At the time I was working for one of the largest radio companies in America, submitting real questions to on-air talent for consideration in these interviews, and ultimately being sort of disappointed when they wouldn’t ask them. I listened to a lot of these interviews, in which Kanye started sounding like a broken record over the months, and what I took away from it was not that Kanye West likes to “rant.” It’s that Kanye West understands who he’s talking to at all times.

While his spirited and at times erratic speaking style is well known by now, Kanye is 100 percent in control of his narrative — and he tailors it to his congregation on any given day. Last year, clownish DJs got sneaker beef and excitement over his nuptials to Kim, while the New York Times got Steve Jobs talk. The rapper who shows at Fashion Week or did a couture makeover on his then-new reality star girlfriend still garners respect in the streets for his MC dominance. He cracks jokes about prematurely ejaculating on mink coats on the same album where he calls out racism with a “Strange Fruit” sample. Kanye can do both well, and this is why he has — and will continue to — slightly shift the cultural worldview with his agenda.
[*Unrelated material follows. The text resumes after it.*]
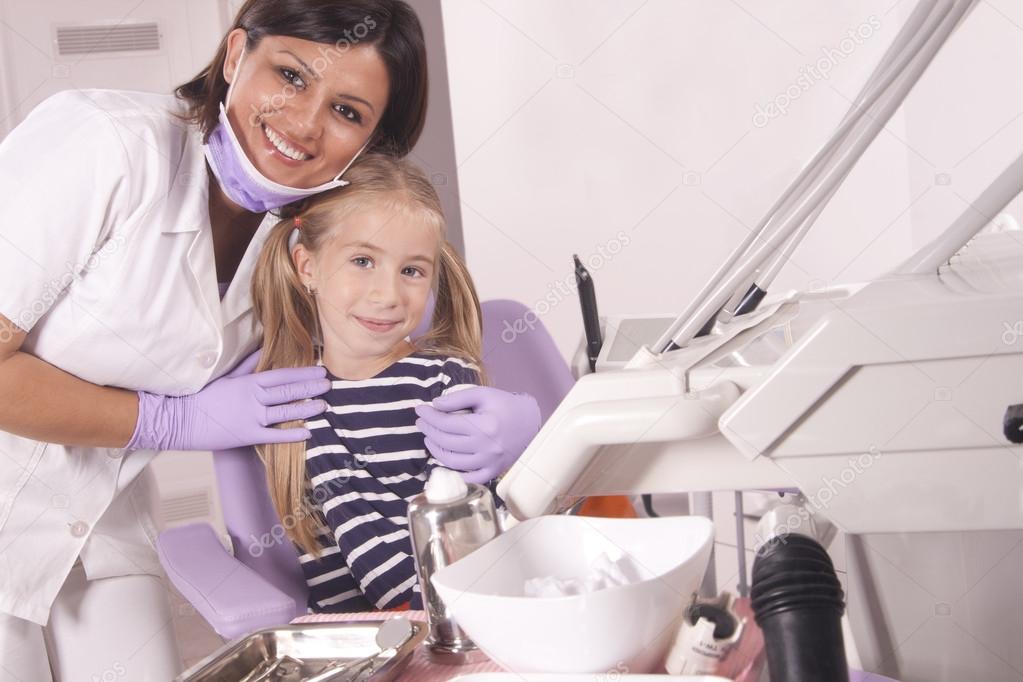 Dentist and patient in dental office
You may be wondering why I’m talking about this now, when we’ve gone months without a high-profile Kanye quote, instead reveling in cuddly photos of him sleeping with his baby daughter. But on Tuesday at the Cannes Lions festival, West was a surprise speaker at a seminar titled, “Technology, Culture, and Consumer Adoption: Learning to Read the Cultural Landscape.” The latter part of the panel’s title is exactly what Kanye West does best, and his contributions to the conversation did not seem to disappoint.

“When people think celebrity, which is the highest form of communication — we’re like walking networks or TV shows or brands in ourselves — you don’t think good taste,” West told the crowd of powerful creative professionals, reports AdWeek. “And I believe that bad taste is vulgar. It’s like cursing. I think the world can be saved through design. Because what is the most distasteful thing someone can do? Kill someone. So, good taste is the opposite of that.”

He also spoke about Steve Jobs, who was apparently, “as everyone knows, … my biggest influence. Just seeing the way he fought to make things easier for people. After he passed, I made it my life’s mission to do what he did inside of that company. I dream to help raise the palette and raise the taste level of a generation and also be involved with the production and distribution and advertising of that thing everyone’s begging for.”

Despite his modest uniform, Jobs was not necessarily an everyman. But he created with the whole world in mind — because he was egotistical enough to think his work was that important, and because it actually was. In a scaled way, Kanye West works with the same dynamic in mind. So it’s productive to hear him say that he wants to be involved in the unsexy back-end details of creativity reaching the masses, the way he did when he first teased his creative house Donda in 2011.

“People are less about the brand and more about self-confidence and how the brands can assist them, similar to what Steve was doing with tech,” he said. “This is my goal in lifestyle, in everyday life — to change the idea of what luxury is. Because time is the only luxury. It’s not all these brands that we just drove by that are somehow selling our esteem back to us through association.”

Do I think Kanye West can save the world? Not quite. But his ability to translate his message to virtually any audience while coming off as “uncensored” means he may just end up with the most widely coveted luxury brand in the world — if he ever finds the time to launch it to the masses.